One unintended consequence of Bush's push for Social Security privatization is that he has taken away from Republican lawmakers a staple of their 2006 re-election stump speeches. No longer can they just extol the wonders of private accounts, the something-for-nothing idea they have been selling for so many congressional elections. Voters are better informed now--and often know more than many members of the House.So, the people are smarter and those in congress who give blanket support for all things Bush are looking like the idiots they are. So why could they sell an ill advised war and they can't sell an ill advised Social Security plan? Simple, Social Security is much closer to home and people have a lot more information about it.
Rep. Chris Chocola (R-Ind.), a second-term congressman, recently held a number of get-togethers in his northern Indiana district, but often appeared woefully unprepared to answer hard questions and criticisms of the president's privatization plan. Up till now, Chocola, who used family wealth to buy a seat in Congress, has been a rubber stamp for all things Bush, payback for the president's campaign visits during Chocola's 2002 run for the House, which helped him squeak to victory.
At last week's talkathon in South Bend, Chocola looked dumbfounded when it was pointed out to him -- after he claimed there was no money in the Social Security trust fund waiting to be doled out, whereas regular pension funds had "real cash" behind them -- that there were no piles of cash waiting for pensioners, either -- or for stockholders, for that matter -- only "claims," pieces of paper, just like Social Security.
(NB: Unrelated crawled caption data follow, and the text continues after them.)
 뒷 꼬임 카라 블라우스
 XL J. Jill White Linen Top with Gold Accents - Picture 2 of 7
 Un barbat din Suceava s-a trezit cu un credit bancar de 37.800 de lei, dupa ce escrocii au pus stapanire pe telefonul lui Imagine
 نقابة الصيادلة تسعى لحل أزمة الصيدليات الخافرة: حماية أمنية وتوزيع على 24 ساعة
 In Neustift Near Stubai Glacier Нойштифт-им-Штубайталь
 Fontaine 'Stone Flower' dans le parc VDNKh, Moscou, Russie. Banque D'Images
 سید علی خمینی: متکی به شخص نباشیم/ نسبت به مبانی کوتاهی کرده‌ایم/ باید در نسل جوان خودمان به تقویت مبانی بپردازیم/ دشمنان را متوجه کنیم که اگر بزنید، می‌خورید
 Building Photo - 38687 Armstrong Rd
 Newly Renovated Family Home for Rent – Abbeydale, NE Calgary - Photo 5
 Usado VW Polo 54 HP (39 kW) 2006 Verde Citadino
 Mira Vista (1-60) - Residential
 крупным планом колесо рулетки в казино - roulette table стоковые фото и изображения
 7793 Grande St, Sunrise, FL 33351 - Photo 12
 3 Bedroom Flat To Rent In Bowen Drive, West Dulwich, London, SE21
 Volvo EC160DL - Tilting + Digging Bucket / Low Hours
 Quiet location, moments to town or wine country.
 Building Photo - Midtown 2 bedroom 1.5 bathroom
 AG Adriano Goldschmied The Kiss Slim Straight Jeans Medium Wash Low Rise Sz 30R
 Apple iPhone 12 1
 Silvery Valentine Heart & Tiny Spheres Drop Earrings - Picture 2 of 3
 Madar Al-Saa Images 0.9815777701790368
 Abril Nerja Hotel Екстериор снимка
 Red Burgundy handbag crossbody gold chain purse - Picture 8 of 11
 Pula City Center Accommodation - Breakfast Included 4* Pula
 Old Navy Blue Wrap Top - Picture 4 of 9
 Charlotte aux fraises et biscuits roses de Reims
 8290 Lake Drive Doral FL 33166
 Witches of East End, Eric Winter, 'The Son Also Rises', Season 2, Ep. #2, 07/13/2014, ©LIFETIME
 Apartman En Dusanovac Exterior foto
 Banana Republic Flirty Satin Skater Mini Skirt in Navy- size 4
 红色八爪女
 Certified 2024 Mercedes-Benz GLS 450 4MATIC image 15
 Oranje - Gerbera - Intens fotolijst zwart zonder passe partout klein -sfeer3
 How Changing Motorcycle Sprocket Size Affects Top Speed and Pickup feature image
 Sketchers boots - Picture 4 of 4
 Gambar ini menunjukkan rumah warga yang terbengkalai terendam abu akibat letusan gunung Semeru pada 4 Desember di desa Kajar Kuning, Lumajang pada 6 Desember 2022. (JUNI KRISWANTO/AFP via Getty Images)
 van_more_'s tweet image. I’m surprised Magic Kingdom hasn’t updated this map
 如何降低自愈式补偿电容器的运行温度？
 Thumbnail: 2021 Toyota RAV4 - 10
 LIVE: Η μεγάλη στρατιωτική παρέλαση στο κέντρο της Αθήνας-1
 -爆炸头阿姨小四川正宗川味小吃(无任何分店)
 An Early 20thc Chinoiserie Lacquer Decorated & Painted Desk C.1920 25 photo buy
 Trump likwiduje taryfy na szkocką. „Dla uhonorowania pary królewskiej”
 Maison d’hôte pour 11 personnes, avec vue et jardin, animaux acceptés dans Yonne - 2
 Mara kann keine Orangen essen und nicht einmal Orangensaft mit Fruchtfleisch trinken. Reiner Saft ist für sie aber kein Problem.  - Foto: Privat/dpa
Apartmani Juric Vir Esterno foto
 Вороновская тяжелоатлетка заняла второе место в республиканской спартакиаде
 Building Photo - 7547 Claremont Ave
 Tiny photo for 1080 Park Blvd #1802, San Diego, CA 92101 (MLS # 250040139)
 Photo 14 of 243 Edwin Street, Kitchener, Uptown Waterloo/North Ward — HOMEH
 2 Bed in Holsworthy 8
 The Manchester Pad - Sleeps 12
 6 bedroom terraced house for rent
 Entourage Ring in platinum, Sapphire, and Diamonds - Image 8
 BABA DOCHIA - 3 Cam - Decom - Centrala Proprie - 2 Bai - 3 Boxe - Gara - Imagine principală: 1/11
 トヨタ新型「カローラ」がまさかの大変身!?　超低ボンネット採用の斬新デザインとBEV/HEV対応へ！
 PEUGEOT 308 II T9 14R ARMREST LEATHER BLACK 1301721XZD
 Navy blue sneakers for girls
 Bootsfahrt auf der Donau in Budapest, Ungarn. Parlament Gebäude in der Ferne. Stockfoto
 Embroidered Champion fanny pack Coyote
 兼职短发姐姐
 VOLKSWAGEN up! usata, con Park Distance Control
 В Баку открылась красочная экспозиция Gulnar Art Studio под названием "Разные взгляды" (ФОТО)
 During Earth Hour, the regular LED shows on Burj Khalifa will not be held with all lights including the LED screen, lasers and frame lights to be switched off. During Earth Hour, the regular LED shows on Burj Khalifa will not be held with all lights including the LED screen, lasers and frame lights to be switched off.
Americans can be sold the idea of acting because of lofty ideals: freedom, the end of tyranny and tyrants, fairness for all. Much of the public found it easy to move from weapons of mass destruction as a cause for war, to liberating the people of Iraq from the sadistic, despotic rule of Saddam Hussein. However, the same people are clearly balking when President Bush attempts to sell them the end of Social Security under the guise of buying into an "ownership society" where everyone can fund his or her own retirement with personal accounts.When it comes to Social Security the education of America is working but the Bushites are not giving up so we must not let up.
Unlike foreign battlefields, the domestic front is too close to everyone, and what goes on can be seen for what it is: trading the world's most successful Social Security retirement and insurance system for an idea whose time definitely has not come.